Every primitive function accessible from Emacs Lisp is registered through the DEFUN macro:

DEFUN ("car", Fcar, Scar, 1, 1, 0,
       doc: /* Return the car of LIST. */)
  (Lisp_Object list)
{
  return CAR(list);
}

This generates two things: a C function named Fcar and a Lisp_Subr metadata struct named Scar that records the function’s name, argument counts, docstring, and pointer to the C implementation. The Lisp name car, the C function Fcar, and the subr struct Scar are all different things that the macro coordinates. Every function you can call from Elisp, whether cons, point, insert, or buffer-name, is a C function registered exactly this way.

Symbols have a redirect field that enables SYMBOL_FORWARDED redirection, allowing a Lisp variable to be backed directly by a C global variable with zero indirection overhead. Variables like most-positive-fixnum map directly to C constants through this mechanism.

Bootstrapping: Three Stages to a Running Editor

The build process for Emacs illustrates how seriously the architecture takes the Lisp-as-substrate premise. It proceeds in three stages.

First, the build compiles temacs, a raw C binary containing only the Lisp interpreter with no Lisp loaded. This binary is nearly useless on its own.

Second, temacs is invoked as temacs --batch --load loadup.el to execute loadup.el, a carefully ordered boot script. It loads subr.el first to define defun, defmacro, when, and unless, because none of these exist yet. Then it loads the byte compiler, then the entire standard library in dependency order.
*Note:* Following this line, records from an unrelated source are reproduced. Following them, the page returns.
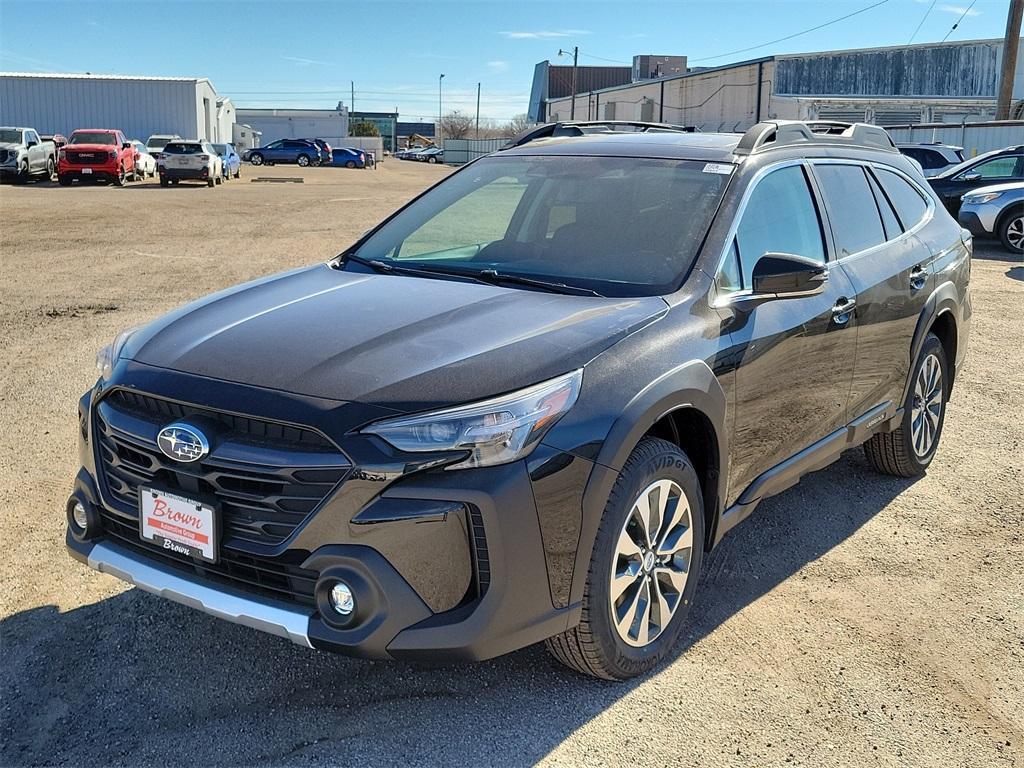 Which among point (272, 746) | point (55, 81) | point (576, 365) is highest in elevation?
point (55, 81)

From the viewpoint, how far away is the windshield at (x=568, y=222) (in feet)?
12.6

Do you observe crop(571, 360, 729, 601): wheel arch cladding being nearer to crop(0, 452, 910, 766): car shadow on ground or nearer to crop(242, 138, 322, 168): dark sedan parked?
crop(0, 452, 910, 766): car shadow on ground

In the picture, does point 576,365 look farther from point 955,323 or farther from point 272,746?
point 955,323

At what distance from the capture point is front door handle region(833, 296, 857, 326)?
4.31m

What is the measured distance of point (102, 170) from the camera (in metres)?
32.3

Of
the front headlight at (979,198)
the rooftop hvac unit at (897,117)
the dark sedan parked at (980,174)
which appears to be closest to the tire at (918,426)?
the front headlight at (979,198)

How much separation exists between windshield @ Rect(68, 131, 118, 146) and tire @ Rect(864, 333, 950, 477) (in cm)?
3276

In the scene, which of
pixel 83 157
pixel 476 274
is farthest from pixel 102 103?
pixel 476 274

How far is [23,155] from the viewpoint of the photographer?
31.3 metres

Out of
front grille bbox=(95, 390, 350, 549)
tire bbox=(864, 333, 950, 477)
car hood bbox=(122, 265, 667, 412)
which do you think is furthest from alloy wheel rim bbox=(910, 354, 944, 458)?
front grille bbox=(95, 390, 350, 549)

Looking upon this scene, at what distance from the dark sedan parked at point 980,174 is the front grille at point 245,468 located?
18.5 meters

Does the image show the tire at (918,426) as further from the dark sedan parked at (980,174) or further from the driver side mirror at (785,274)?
the dark sedan parked at (980,174)

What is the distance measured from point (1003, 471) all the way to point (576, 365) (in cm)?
384

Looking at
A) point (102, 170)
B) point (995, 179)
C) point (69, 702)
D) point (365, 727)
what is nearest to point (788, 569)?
point (365, 727) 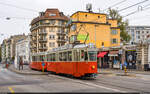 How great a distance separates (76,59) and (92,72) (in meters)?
1.72

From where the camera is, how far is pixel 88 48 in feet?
58.1

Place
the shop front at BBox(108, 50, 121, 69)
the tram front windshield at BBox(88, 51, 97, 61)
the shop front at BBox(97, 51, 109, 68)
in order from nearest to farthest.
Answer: the tram front windshield at BBox(88, 51, 97, 61) < the shop front at BBox(108, 50, 121, 69) < the shop front at BBox(97, 51, 109, 68)

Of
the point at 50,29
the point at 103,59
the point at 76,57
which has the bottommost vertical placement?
the point at 103,59

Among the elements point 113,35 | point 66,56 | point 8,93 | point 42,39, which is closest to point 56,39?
point 42,39

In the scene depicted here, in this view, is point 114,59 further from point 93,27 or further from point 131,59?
point 93,27

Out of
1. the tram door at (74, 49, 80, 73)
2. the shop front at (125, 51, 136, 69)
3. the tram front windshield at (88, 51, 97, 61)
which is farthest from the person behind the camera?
the shop front at (125, 51, 136, 69)

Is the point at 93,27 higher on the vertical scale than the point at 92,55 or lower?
higher

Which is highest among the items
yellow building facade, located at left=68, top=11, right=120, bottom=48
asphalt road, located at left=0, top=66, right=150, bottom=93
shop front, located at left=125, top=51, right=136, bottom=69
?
yellow building facade, located at left=68, top=11, right=120, bottom=48

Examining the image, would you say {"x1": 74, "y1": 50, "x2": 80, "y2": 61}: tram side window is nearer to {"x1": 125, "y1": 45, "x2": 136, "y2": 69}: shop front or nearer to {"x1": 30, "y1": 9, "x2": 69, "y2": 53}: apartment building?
{"x1": 125, "y1": 45, "x2": 136, "y2": 69}: shop front

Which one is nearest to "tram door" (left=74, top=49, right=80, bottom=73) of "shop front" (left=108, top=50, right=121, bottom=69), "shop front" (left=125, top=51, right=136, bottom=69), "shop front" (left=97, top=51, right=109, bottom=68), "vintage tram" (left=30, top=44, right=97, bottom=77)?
"vintage tram" (left=30, top=44, right=97, bottom=77)

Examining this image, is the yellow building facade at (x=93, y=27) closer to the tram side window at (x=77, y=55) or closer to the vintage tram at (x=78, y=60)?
the vintage tram at (x=78, y=60)

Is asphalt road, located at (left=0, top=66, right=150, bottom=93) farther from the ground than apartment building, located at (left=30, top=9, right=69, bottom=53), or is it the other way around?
apartment building, located at (left=30, top=9, right=69, bottom=53)

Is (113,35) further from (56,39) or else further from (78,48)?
(78,48)

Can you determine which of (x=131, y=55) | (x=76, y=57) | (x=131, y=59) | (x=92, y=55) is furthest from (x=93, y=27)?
(x=92, y=55) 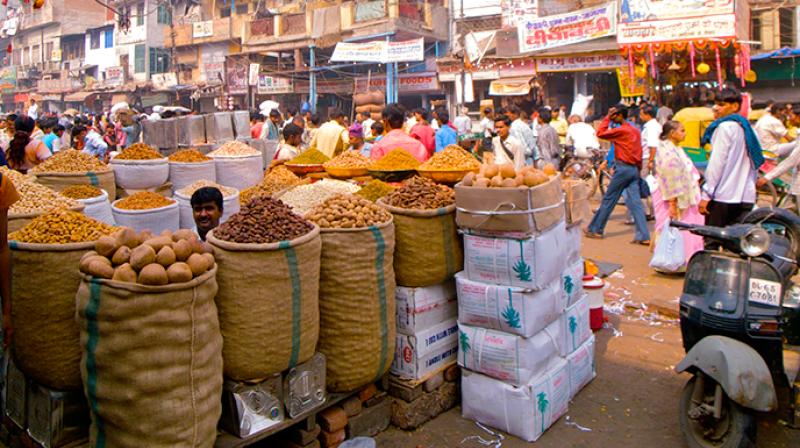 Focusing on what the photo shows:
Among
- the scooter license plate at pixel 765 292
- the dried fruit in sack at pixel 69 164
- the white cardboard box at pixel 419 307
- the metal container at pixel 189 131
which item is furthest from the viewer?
the metal container at pixel 189 131

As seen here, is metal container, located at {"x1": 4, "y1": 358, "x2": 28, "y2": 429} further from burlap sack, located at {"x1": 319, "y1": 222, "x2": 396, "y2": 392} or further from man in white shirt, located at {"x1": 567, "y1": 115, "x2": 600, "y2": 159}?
man in white shirt, located at {"x1": 567, "y1": 115, "x2": 600, "y2": 159}

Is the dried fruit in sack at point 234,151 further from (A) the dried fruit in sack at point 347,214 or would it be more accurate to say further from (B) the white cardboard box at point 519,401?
(B) the white cardboard box at point 519,401

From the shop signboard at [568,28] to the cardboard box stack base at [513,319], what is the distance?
11607 millimetres

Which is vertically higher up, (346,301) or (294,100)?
(294,100)

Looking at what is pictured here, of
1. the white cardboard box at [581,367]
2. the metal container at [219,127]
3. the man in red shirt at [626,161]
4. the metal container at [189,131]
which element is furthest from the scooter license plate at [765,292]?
the metal container at [219,127]

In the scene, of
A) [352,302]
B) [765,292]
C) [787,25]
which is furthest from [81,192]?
[787,25]

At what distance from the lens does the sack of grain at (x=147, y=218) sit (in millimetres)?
4117

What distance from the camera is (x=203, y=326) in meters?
2.35

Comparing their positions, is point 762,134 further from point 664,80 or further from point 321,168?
point 321,168

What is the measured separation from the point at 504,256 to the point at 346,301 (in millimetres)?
893

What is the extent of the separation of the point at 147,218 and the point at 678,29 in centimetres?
1100

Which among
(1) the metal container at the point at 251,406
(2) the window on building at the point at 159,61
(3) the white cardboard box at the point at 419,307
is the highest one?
(2) the window on building at the point at 159,61

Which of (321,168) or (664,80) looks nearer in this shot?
(321,168)

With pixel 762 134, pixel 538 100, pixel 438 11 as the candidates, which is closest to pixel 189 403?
pixel 762 134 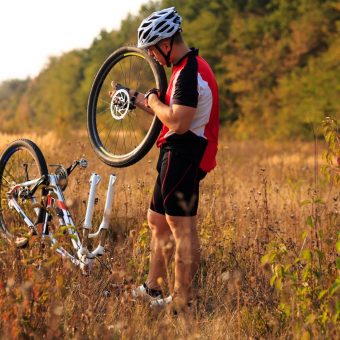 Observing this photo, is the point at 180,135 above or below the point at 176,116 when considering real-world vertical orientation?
below

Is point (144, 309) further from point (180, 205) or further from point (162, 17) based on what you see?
point (162, 17)

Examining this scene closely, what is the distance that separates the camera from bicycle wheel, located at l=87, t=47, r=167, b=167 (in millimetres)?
5031

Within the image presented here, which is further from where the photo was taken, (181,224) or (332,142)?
(181,224)

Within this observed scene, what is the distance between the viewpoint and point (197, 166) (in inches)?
185

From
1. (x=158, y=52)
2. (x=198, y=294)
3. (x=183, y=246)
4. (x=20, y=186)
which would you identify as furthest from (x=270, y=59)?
(x=183, y=246)

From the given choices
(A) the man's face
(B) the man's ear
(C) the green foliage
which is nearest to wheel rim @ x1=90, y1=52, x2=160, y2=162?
(A) the man's face

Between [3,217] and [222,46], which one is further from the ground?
[222,46]

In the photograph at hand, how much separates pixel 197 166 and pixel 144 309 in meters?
0.98

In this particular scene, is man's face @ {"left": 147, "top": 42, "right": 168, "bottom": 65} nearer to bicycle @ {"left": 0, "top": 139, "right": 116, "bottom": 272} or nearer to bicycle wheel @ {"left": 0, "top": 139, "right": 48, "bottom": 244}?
bicycle @ {"left": 0, "top": 139, "right": 116, "bottom": 272}

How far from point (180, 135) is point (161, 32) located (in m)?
0.68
Third, after loading all the Lisp, the running process serializes its heap to disk. Emacs 27 introduced the portable dumper (pdumper, in src/pdumper.c), which writes the Lisp heap as a relocatable .pdmp file. When a user invokes emacs, the C binary loads, mmaps the .pdmp file into the heap, and begins execution at normal-top-level. The Lisp world that took several seconds to construct during the build is restored in milliseconds at startup.

Before Emacs 27, this dump used unexec, which wrote a raw copy of the process’s memory image using platform-specific hacks. The pdumper is both more portable and more principled about what it serializes.

This bootstrapping sequence matters because it shows the design boundary clearly. The C code is inert without the Lisp, and the Lisp cannot exist without the C substrate. Neither half is optional or ornamental.

Native Compilation and What It Reveals

The native compilation pipeline added in Emacs 28 is the most significant performance development in decades, and it is architecturally revealing.

Before Emacs 28, Emacs Lisp ran in one of two modes: interpreted by the recursive evaluator in src/eval.c, or byte-compiled to a stack-based bytecode executed by src/bytecode.c. Byte compilation provided a meaningful speedup for compute-heavy Lisp, but bytecode.c is still an interpreter.

Native compilation adds a third path. The pipeline is: Lisp source to bytecode, then through comp.el’s LIMPLE IR (Lisp IMPLEmentation language, an SSA-form intermediate representation), then to libgccjit, GCC’s JIT compiler as a C library, which runs the full GCC optimization pipeline and emits native code. The result is loaded via dlopen() as a .eln shared library.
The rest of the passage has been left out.